Before the new lines, Texas’ grid operator, the Electric Reliability Council of Texas (ERCOT), had about 1.9 GW of wind installed. By 2017, the CREZ lines enabled a total of 11.6 GW of installed wind capacity with another 8.9 GW in the pipeline. Inovateus’s Bean sees this overhaul as a model for the rest of the country.
“Texas was easy because it was ERCOT, it was one state, the state PUC could authorize everybody to do this,” he said. “There’s a big gap between, ‘Let’s incrementally improve our transmission system to accommodate more renewable power,’ like the CREZ lines, vs., ‘Let’s totally change the way the electric power system works in the entire country.'”
Still, national grid reform isn’t unprecedented. Germany reached 50% clean energy generation in 2020, which was possible thanks to top-down grid expansion policies. The country is investing in new high-voltage transmission lines between northern and southern Germany, expected to be completed by 2024, to help meet the same goal the United States is reaching for — 100% renewable energy by 2035.
Clean energy generation in the United States reached 20% in 2021, but similar, large grid investments will be necessary to even come close to that 100% goal. The solar industry is standing by.
“There’s both the projects already there, ready to come online if we can unlock them, and then long-term, we could have a very sustaining and transparent and efficient process that will continually see gigawatts of renewables come online,” SEIA’s Wray said.
Dave Bryant says
Check out the Grid Strategies Report “ADVANCED CONDUCTORS ON EXISTING TRANSMISSION CORRIDORS TO ACCELERATE LOW COST DECARBONIZATION” https://ctc-media.s3.amazonaws.com/wp-content/uploads/20220316095118/Advanced-Conductors-to-Accelerate-Grid-Decarbonization-3.9.22.pdf
It strongly recommends the use of advanced conductors to increase the capacity of the existing grid
Solarman says
““States and FERC and the federal government are going to need to continue to come to the table and discuss these issues, because they are complex and they’re interconnected and they cannot be unwound from each other,” Wray said.”
I’m not buying into this announcement of “complexity”. FERC has leverage over Federal rights of ways like railroads, interstate highways, old pipeline routes and even something like the abandoned Keystone XL pipeline right of way or the Atlantic Coast Pipeline right of way that could be used for UHVDC buried transmission lines. FERC can maneuver north to south and coast to coast UHVDC buried transmission interconnects on the wholesale electricity grid and then let the States figure out how ‘they’ will connect to the national wholesale grid for local grid services. FERC already has ruling 841 and 2222 promoting distributed energy storage along the grid. This is the kind of thing housing tracts could participate in to have a “tract” microgrid interacting with the wholesale energy grid in a distributed, energy storage backed infrastructure PPA agreement. Getting rid of ISOs and RTOs would decrease bundled electricity costs, the unidirectional grid, into the digitized bi-directional day ahead energy market.

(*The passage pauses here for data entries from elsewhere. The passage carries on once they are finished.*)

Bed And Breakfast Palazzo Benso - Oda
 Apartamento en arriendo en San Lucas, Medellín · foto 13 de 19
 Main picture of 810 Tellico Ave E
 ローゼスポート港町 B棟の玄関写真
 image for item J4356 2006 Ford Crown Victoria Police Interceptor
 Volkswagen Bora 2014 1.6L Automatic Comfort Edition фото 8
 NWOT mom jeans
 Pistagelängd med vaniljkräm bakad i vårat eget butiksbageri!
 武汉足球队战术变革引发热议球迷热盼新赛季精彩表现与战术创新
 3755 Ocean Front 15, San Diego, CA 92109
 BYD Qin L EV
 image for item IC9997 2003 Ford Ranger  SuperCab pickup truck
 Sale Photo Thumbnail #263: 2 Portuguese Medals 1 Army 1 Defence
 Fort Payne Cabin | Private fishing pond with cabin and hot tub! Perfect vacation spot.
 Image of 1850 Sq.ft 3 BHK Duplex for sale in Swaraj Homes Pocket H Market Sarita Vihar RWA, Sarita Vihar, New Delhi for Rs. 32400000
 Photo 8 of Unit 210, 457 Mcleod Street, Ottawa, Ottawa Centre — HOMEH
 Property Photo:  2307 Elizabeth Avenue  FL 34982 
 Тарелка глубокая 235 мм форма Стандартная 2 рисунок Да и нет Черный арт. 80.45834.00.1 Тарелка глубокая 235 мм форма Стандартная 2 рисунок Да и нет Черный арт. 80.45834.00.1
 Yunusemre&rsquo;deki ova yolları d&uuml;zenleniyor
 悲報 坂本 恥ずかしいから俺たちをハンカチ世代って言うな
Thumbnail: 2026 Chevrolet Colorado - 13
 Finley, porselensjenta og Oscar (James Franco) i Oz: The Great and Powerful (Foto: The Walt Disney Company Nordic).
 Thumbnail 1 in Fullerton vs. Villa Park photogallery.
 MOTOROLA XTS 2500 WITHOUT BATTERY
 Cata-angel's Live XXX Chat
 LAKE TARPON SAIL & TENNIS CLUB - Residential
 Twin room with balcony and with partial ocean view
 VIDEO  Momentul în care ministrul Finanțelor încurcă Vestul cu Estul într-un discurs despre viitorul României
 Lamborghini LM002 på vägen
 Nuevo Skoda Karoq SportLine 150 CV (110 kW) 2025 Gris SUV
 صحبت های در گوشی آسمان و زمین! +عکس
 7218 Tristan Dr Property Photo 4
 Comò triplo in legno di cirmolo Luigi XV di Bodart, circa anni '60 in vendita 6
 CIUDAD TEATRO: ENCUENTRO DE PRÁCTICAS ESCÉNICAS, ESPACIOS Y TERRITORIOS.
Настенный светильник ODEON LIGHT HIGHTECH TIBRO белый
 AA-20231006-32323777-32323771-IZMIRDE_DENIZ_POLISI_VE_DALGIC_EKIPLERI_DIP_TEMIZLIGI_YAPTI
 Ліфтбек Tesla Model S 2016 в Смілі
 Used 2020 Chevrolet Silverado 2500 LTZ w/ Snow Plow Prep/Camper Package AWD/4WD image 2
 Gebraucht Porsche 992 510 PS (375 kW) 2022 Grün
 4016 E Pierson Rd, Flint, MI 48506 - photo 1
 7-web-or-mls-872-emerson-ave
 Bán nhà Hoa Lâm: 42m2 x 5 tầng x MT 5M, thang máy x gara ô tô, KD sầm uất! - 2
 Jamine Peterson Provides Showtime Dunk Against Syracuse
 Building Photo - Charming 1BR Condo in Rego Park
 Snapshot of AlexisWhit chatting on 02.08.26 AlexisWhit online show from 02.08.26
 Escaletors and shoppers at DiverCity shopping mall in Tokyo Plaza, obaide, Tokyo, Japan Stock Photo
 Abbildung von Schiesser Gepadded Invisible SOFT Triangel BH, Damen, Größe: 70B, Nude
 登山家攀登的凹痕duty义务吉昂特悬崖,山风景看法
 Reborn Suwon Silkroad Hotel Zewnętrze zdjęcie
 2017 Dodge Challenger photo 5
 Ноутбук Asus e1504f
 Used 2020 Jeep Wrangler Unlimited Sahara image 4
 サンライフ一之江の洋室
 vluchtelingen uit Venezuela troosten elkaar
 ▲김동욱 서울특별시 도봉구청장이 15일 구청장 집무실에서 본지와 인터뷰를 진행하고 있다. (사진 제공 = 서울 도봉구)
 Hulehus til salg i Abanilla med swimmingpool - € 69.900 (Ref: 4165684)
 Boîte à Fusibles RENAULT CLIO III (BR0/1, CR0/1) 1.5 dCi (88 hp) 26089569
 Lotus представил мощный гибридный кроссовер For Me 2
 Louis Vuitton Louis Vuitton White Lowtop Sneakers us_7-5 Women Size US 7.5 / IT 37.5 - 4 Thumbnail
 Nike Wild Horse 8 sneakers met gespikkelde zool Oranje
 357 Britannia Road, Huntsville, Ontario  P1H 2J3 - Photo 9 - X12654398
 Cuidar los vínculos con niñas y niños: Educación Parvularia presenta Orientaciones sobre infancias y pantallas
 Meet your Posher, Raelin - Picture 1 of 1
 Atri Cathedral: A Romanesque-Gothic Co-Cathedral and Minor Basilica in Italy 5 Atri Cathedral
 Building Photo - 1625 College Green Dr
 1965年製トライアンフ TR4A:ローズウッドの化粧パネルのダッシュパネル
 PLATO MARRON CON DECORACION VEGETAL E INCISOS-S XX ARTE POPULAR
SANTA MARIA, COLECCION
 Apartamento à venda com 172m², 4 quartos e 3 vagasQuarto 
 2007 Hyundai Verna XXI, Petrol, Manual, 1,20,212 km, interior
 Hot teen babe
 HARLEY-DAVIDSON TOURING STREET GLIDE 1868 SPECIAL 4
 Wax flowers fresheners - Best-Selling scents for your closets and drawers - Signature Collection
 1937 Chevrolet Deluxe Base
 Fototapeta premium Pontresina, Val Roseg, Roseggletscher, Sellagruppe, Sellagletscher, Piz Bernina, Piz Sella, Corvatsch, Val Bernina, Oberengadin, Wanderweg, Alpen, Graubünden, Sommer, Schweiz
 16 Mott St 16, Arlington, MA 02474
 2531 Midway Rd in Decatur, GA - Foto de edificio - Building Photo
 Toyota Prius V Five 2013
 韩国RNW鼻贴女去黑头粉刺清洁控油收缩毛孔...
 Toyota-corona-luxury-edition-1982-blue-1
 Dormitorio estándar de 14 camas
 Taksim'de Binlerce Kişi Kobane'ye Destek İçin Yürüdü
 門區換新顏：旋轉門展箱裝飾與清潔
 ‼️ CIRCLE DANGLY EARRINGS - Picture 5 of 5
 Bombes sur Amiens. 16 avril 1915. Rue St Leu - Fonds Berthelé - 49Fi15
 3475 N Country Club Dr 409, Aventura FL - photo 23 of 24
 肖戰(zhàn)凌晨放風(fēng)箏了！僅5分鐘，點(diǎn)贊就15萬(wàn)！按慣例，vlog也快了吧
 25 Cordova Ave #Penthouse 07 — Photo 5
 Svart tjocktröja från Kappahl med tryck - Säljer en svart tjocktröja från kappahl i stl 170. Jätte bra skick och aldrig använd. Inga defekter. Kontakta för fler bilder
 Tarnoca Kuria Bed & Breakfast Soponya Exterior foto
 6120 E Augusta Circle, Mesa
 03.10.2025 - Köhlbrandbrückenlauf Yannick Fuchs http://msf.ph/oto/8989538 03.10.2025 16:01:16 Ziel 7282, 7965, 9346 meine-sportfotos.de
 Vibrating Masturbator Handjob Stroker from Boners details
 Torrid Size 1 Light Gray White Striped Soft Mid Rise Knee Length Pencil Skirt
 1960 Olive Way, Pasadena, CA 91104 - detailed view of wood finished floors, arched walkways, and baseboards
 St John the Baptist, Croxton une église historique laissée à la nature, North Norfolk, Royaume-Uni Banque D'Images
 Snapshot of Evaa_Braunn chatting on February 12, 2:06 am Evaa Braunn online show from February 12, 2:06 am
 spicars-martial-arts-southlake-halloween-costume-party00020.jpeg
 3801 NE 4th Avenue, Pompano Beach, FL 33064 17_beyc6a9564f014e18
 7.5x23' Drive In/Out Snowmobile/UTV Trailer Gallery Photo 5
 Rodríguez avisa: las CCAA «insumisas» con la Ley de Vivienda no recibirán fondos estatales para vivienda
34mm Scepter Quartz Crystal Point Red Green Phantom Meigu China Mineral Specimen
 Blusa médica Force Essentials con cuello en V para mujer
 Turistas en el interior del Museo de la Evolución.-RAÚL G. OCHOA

The continuing insanity of these tight circular didactic arguments of “complexity” assumes middlemen like RTOs and ISOs are needed and “must” be included in the future of the grid. Getting FERCs wholesale grid interconnects in place, then entertain interconnection along the wholesale grid for a day ahead energy market, with an interconnected grid with distributed energy storage so NO solar PV farm in the country will be “curtailed” but over generation stored and “shuttled” to other regions of the country and other retail grid to wholesale grid connections across the U.S.
David M says
Wow, I never thought I’d be grateful to work with ERCOT. Great article!